On the first night in our cabin, I managed to blaze through the second half of Around the World in Eighty Days on my Kindle iPad app. It was the fourth Verne novel I'd read in the last two months, all of them checked out for "free" using my Kindle Unlimited subscription, which costs ten bucks a month. In each case I had checked out the AmazonClassics version, which has a distinctive cover, and usually includes the audio. I had used the audio in the past, but I find I often get too impatient and want to read faster than the audio will take me.
Around the World in Eighty Days was the first of the four Verne novels I'd read that did not include constant life-or-death situations in which the characters escape impossible dire predicaments, sometimes through means which seem beyond belief (such as ascending the column of a volcano on a raft that is being pushed up by the lava). Nevertheless those are some of the things one learns to cut slack to Verne, given his genius as futurology in his narrative.
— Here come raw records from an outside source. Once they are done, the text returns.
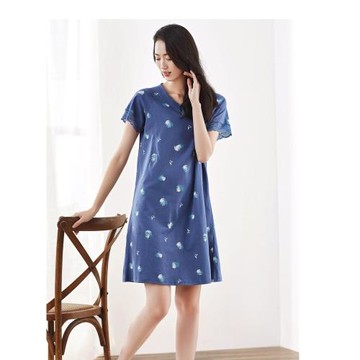 純棉頂呱呱圓領睡裙夏季短袖長裙印花全棉睡衣頂瓜瓜居家薄款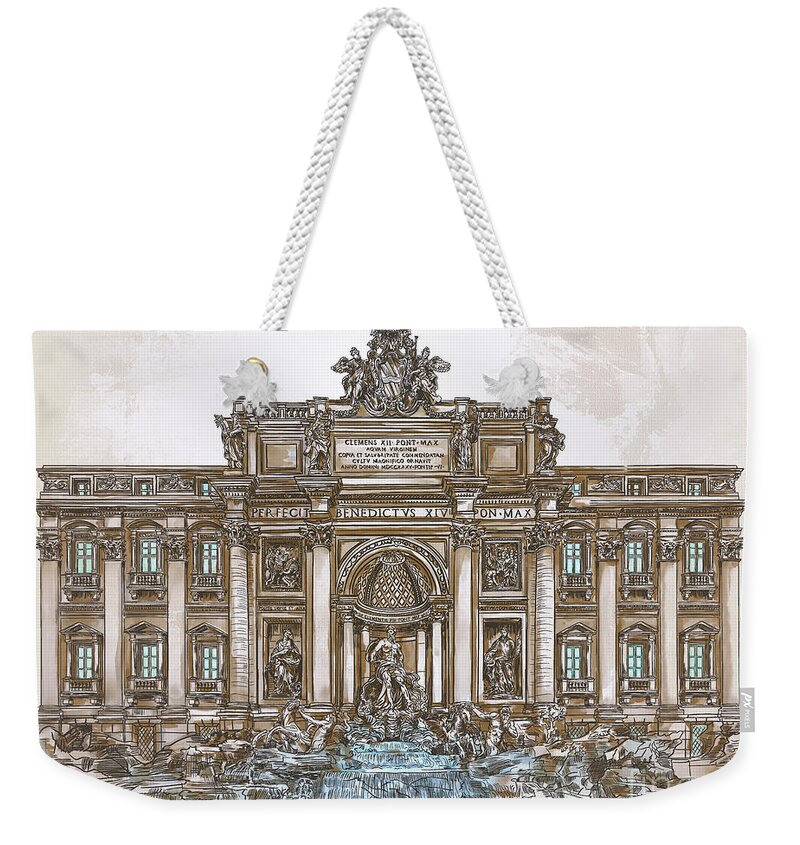Rome Weekender Tote Bag featuring the painting Trevi Fountain,Rome by Andrzej Szczerski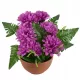 Vasă Decorativă de Toamnă cu Crizanteme Violet și Ferigi 25 x 24 cm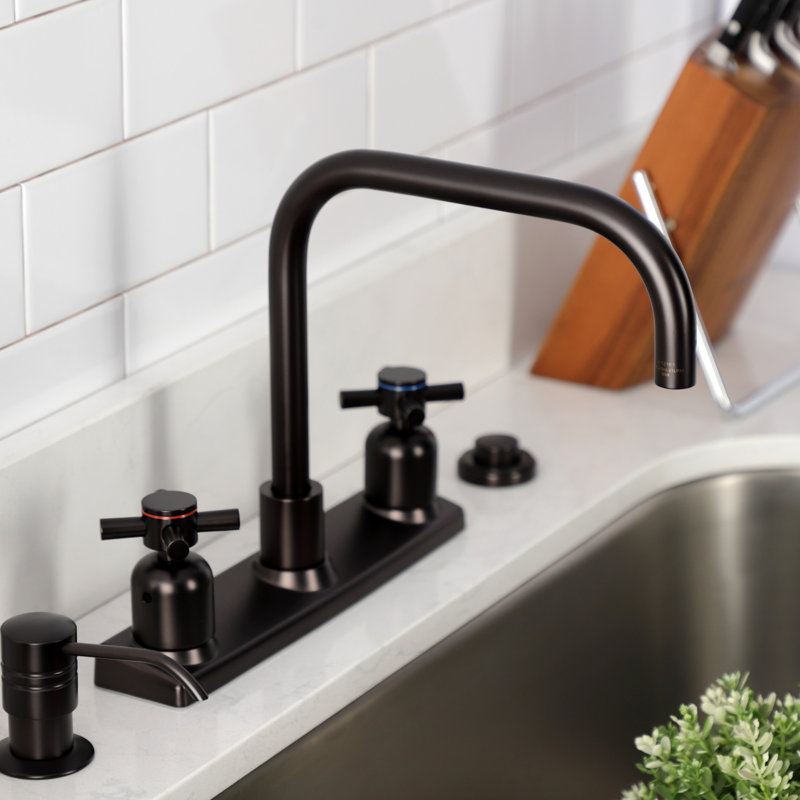 Kingston Brass Concord Two-Handle 2-Hole 8" Centerset Kitchen Faucet, Oil Rubbed Bronze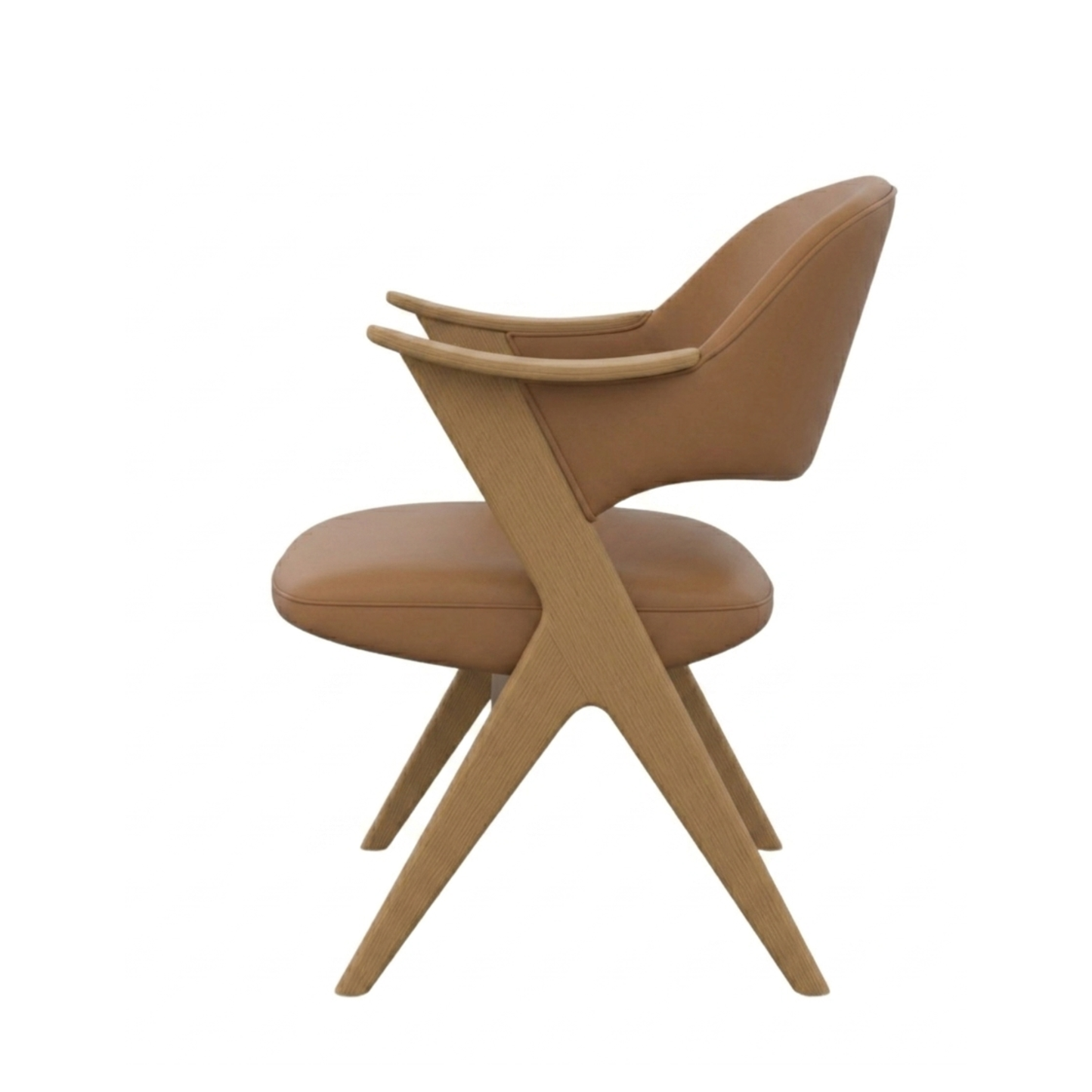 Fjords Blinken Accent Chair with Supportive Backrest and Solid Wood Frame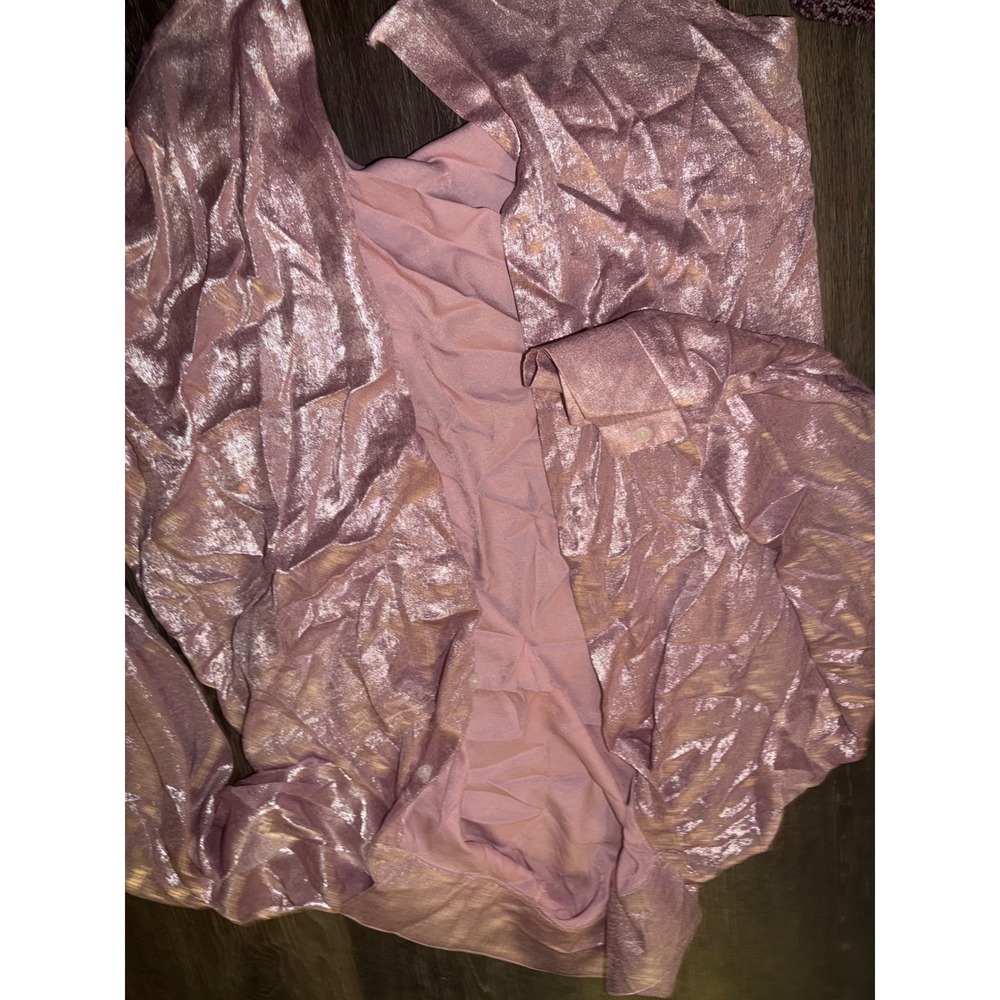 SHEIN Pink Metallic Shimmer Button Up Blouse Long Sleeve Crinkle Top‎ Large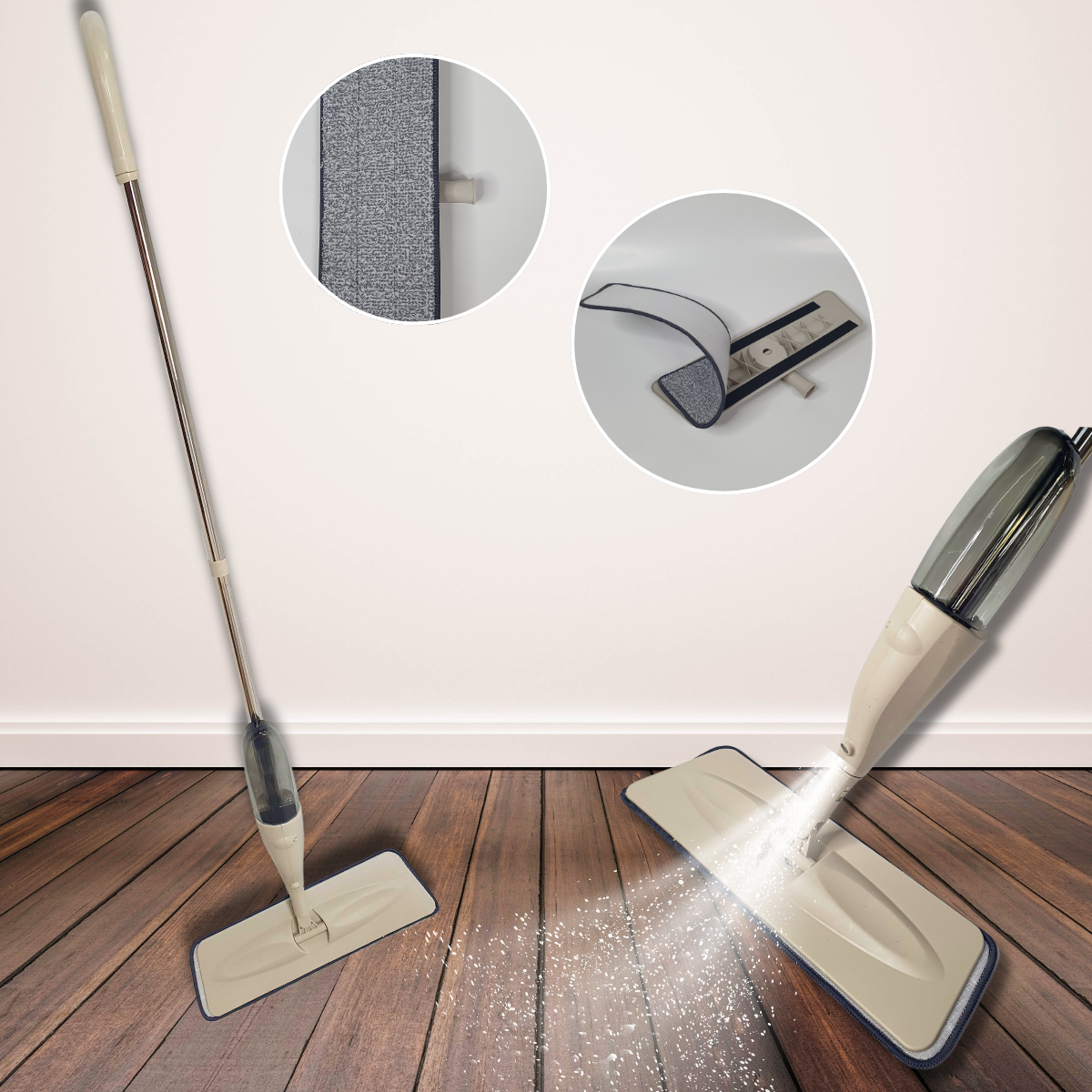 Швабра универсальная Health Spray Mob 3в1 с распылителем воды Бежевый (HS-401-Beige) - фото 3 Швабра универсальная Health Spray Mob 3в1 с распылителем воды Бежевый (HS-401-Beige) - фото 3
Around the World in Eighty Days was thus much less stressful in a way. The biggest drama is about whether Fogg and Passepartout would be able to catch a certain boat that they needed, and what happened when they invariably didn't. Several of the sea voyages had a requisite moment at which a storm might overwhelm the boat and sink it, but this was small drama compared to Twenty Thousand Leagues Under the Sea.
Throughout the book one of the things that fascinated me was the difference between the book and the Hollywood movie starring David Niven that (somewhat bizarrely) won the 1956 Academy Award for Best Picture. It is, legitimately I think, often cited as one of the least deserving Best Picture winners (don't you DARE say How Green Was My Valley or n the name of the late great John Ford) I will find you and punch your lights out).
It's not that the Hollywood movie is bad, per se. It's quite entertaining in its own way. It begins with a narrated short documentary about Verne himself before starting the story. It's clear that it won mostly because of the scale and magnitude of the production, more than the story itself, which, like most Verne stories, is not the strongest part of the work.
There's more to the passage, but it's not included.